The classes you take can often be done online, in your own time, as long as the teaching certificate endorsement preparation program you have selected is accredited.
Because each state is different, you'll want to check to determine what is required in your state of residence or employment.
Perhaps you are interested in a career change. You'd love to teach, but lack both a four- year education degree from an accredited college or university, and the time (and money) it would take to return to school in order to earn it. You'll want to take a look at alternative route teaching certificates—particularly if you have skills, work or life experience in areas of high educational demand.
With the exception of Oregon and Alaska, every state in the Union plus the District of Columbia has established one or more alternative route certification(s).
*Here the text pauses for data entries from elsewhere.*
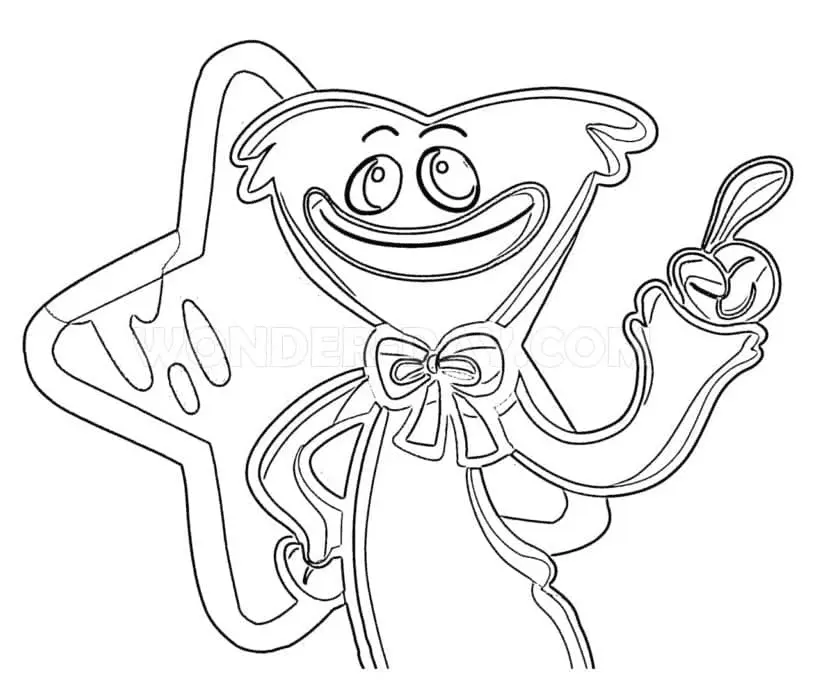 Huggy Wuggy Para Colorear 78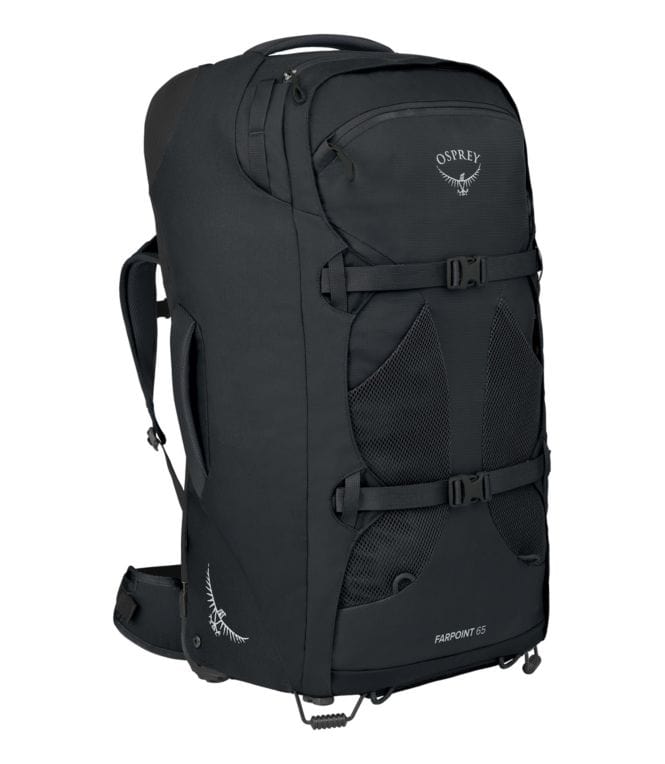 Load image into Gallery viewer, Black Osprey Women&#39;s Fairview Wheeled Travel Pack 65L Osprey Women&#39;s Fairview Wheeled Travel Pack 65L OSPREY
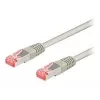 Wentronic Goobay cavo patch CAT 6, S/FTP (PiMF), grigio, 10 m - LSZH senza alogeni, rame (50891)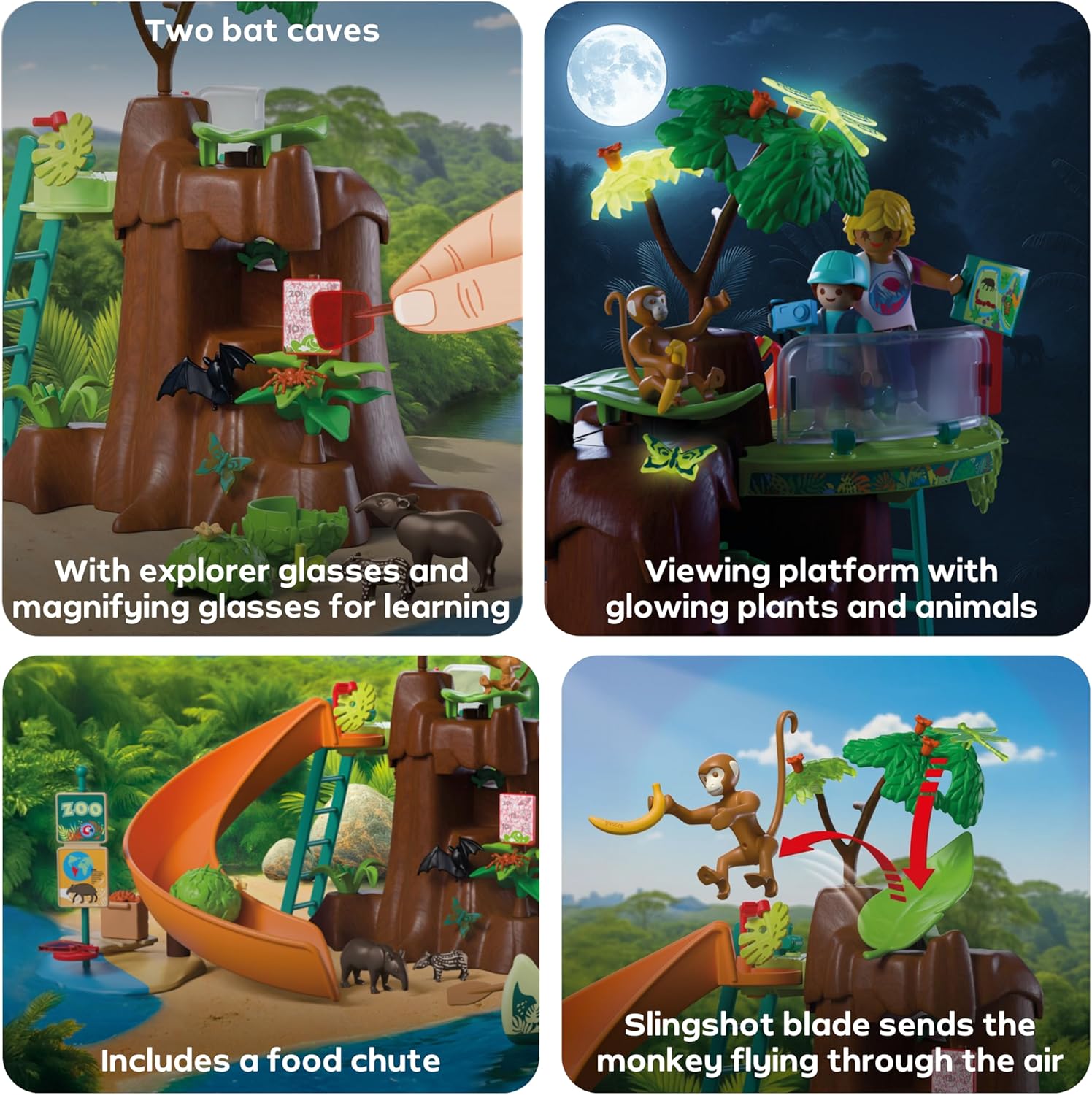 Playmobil Jungle Adventure Playset with Animals & Figures - Image 6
There are currently over 135 alternative routes that are State approved or defined and just under 600 programs available to those interested in pursuing a non- traditional road to teaching. Alternative route teaching certifications have grown by leaps and bounds, from 285 certifications in 1985 to just under 60,000 new certifications in the most recently documented school year. Since its inception, alternative teaching certification has added over a half million teachers to the field; in fact, nearly a third of all new hires enter the field via this route.
As in other areas, each state controls its own standards in regard to alternate route certification. Before you pursue this path, be sure to review the Department of Education website information on alternative route teaching certification for your state.
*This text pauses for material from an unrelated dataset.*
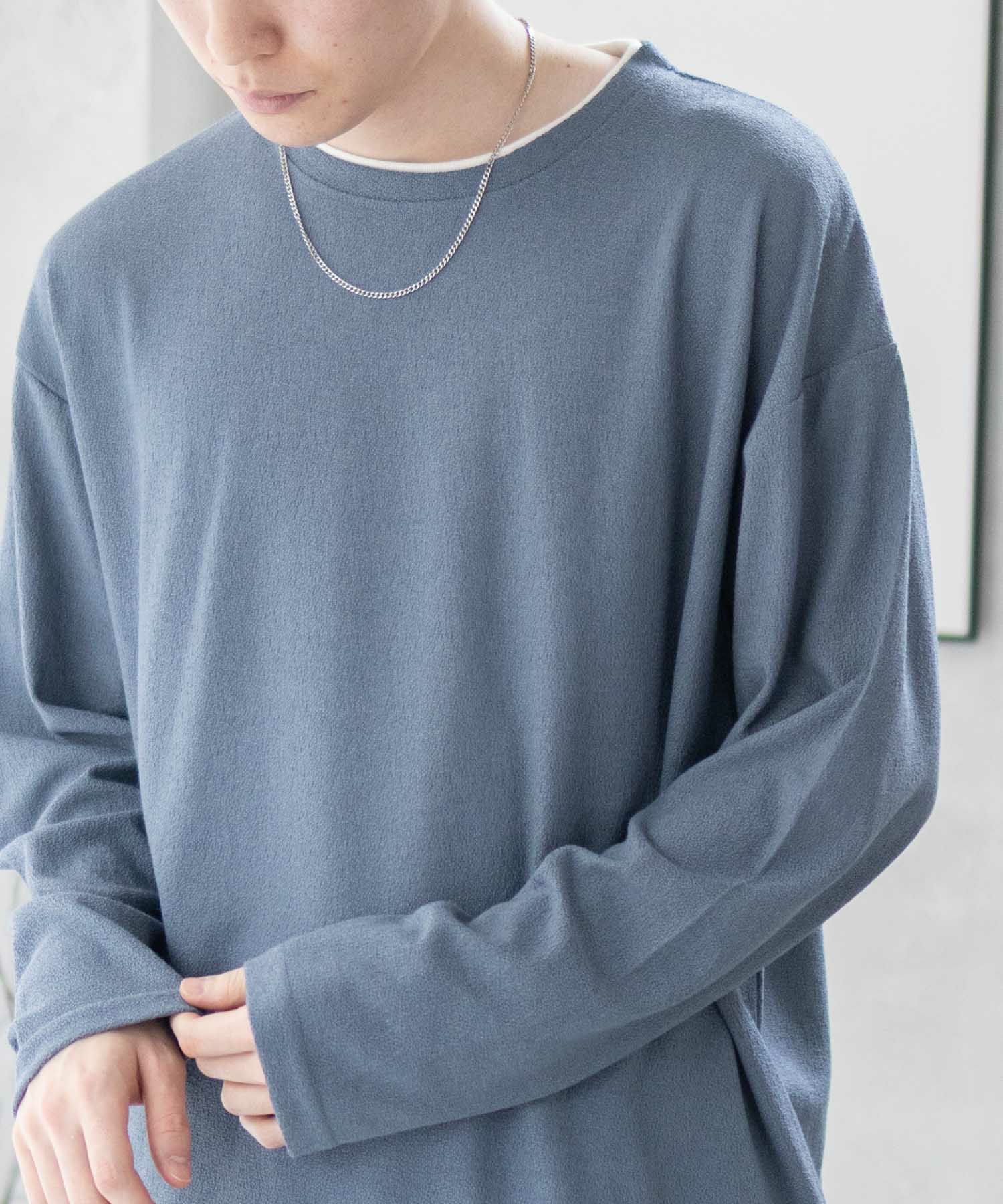 URBAN COLLECTION 梨地フェイクレイヤード長袖Tシャツ メンズ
California, Texas and New Jersey pioneered these programs in the mid 1980s; they continue to be among the most alternative route teaching certification- friendly states, with between 30 and 40 percent of their new teachers coming into teaching in this manner. Florida, Georgia, Alabama, Louisiana, Mississippi, Kentucky, Tennessee, Virginia and South Carolina are also seeing rapid growth in alternative route certifications.
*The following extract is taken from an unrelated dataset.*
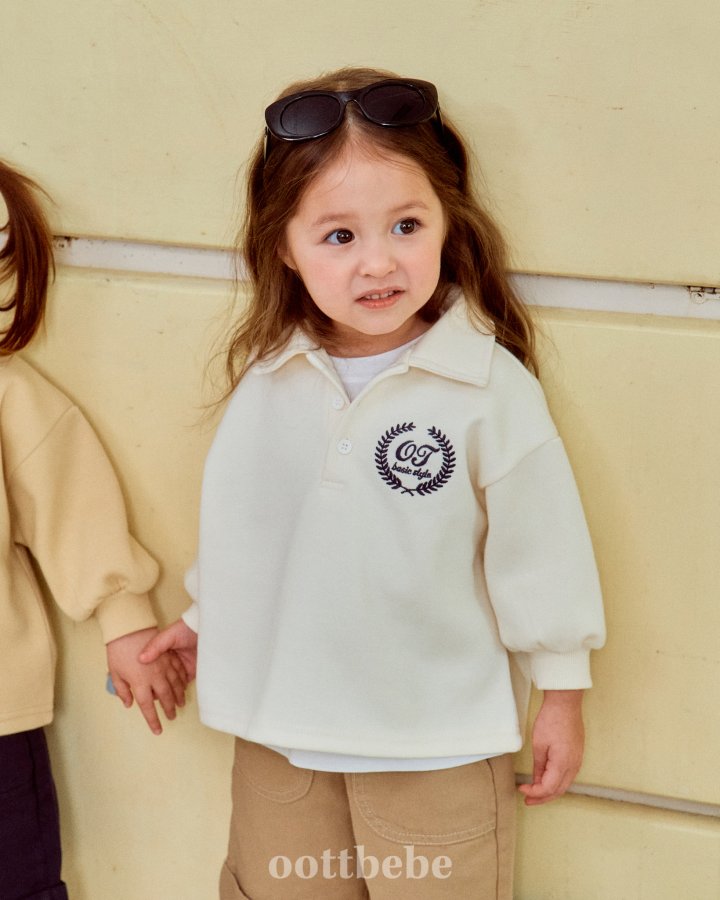 Oott Bebe - Korean Baby Fashion - #babygirlfashion - PK Box Collar Tee - 5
Because of the wide diversity in programs and state requirements, the national Center for Alternative Certification began gathering information on requirements state- by- state in order to organize and classify it. Using this data, they have noted a number of characteristics shared by most alternative route teaching certification programs. They found that these programs, which are field- based, require candidates undergo a rigorous selection process that includes interviews, observations and testing. Most candidates already hold a bachelor's degree, but not in education. They demand evidence that candidates have reached a high level of excellence in order to receive certification.
You may have heard the term ‘emergency teaching certificate' and wondered if you might qualify to teach if you had such a certificate, but were unsure what it is and how to get one.
An emergency teaching certificate is a type of alternative route teaching certification. Not all states offer this alternative. Emergency teaching certificates are a way for competent individuals to enter the field of teaching without an education degree or conventional teaching certificate while circumventing state licensing procedures and requirements. This type of certification is temporary, and was originally designed as an alternative way to supply classrooms with acceptable teachers in times of serious teacher shortages.
Emergency teaching certificates tend to be given in content areas of greatest need, such as special education, bilingual education, or math. Additionally, emergency teaching certificates are more likely to be granted to those who are willing to teach in what others might consider less desirable geographic areas, such as urban centers.
As with many other areas of education, each state controls its requirements for emergency teaching certification. Not all states offer this alternate route. In order to find out if the state in which you live or would like to work accepts this type of alternative certification, visit your state's Department of Education website.